Ademnya Tafsir tentang Jodoh dan Pernikahan Menurut Quraish Shihab

quraish-shihab-mojok

quraish-shihab-mojok

Lupakan soal boikot salat Idulfitri hanya karena Quraish Shihab menjadi khatibnya. Jelas gagal total. Istiqlal penuh seperti biasa. Pertanda kampanye boikot itu tidak signifikan dampaknya dan khotbah Habib Shihab disukai banyak orang Islam.

Dan seperti biasa pula, khotbah beliau jernih, sepenuh-penuhnya mewedarkan semangat persatuan dan kebangsaan, menjauhi kebencian dan politisasi agama. Itulah kualitas orang yang mendalami Alquran seumur hidupnya; kualitas seorang ulama, ‘orang yang berilmu’.

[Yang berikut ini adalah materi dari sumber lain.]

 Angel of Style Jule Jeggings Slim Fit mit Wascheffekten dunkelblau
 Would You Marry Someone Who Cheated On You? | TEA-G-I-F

Saya punya satu metode sederhana tapi berakurasi tinggi untuk menilai kualitas seseorang. Cukup Anda bertanya secara acak kepada sebagian orang di satu wilayah yang mengenal orang tersebut, jawaban akumulatifnya akan mencerminkan kualitas orang itu sesungguhnya. Tidaklah mungkin semua orang bersekutu untuk berdusta. Bagaimana sebenarnya sosok Quraish Shihab menurut Anda? Jamaah Istiqlal telah menjawabnya.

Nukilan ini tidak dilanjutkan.